GOAL OF THE EXERCISE: Every line below needs to be transcribed without alteration, and no image may be carried over.

RECORDED DATA START

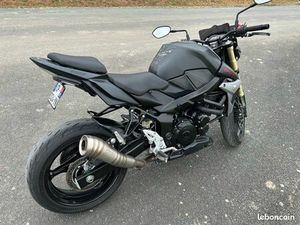 MOTO SUZUKI GSR 750 23000 KM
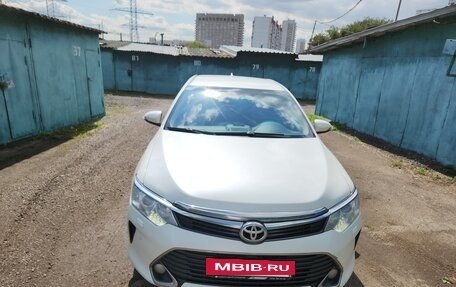 Toyota Camry, 2017 год, 1 790 000 рублей, 3 фотография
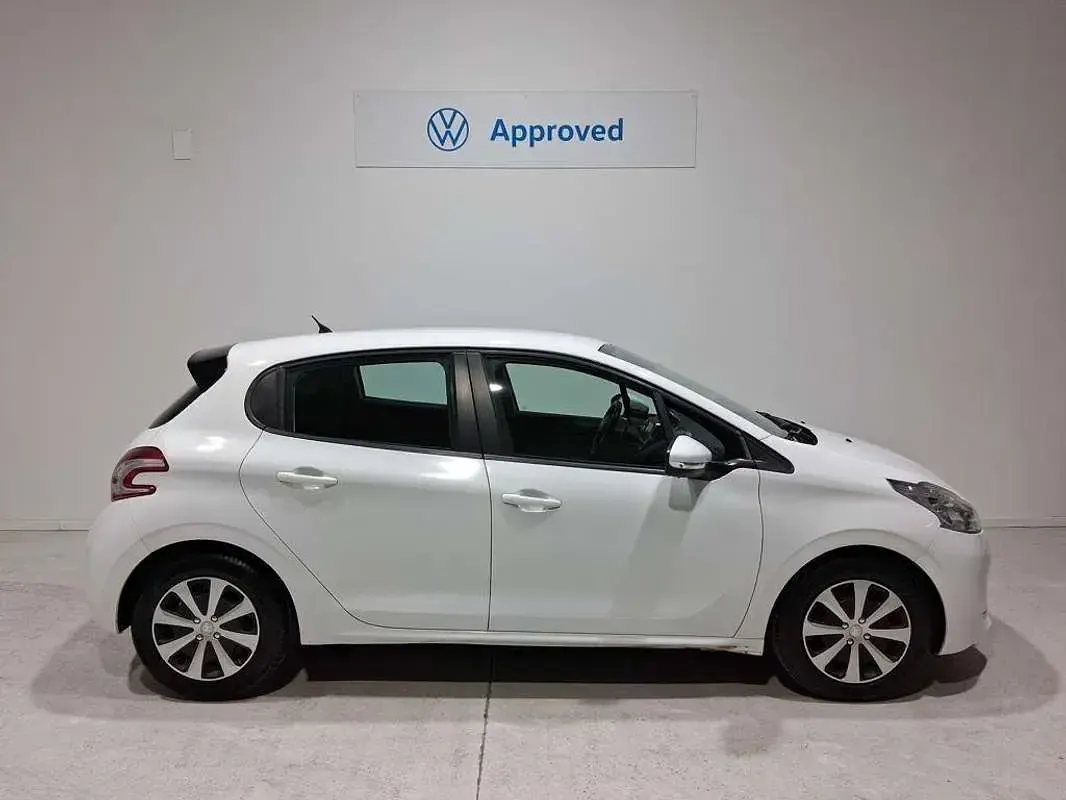 Usado Peugeot 208 Active 68 CV (50 kW) 2013 Blanco Utilitario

RECORDED DATA END

RESULT BELOW:
 MOTO SUZUKI GSR 750 23000 KM
 Toyota Camry, 2017 год, 1 790 000 рублей, 3 фотография
 Usado Peugeot 208 Active 68 CV (50 kW) 2013 Blanco Utilitario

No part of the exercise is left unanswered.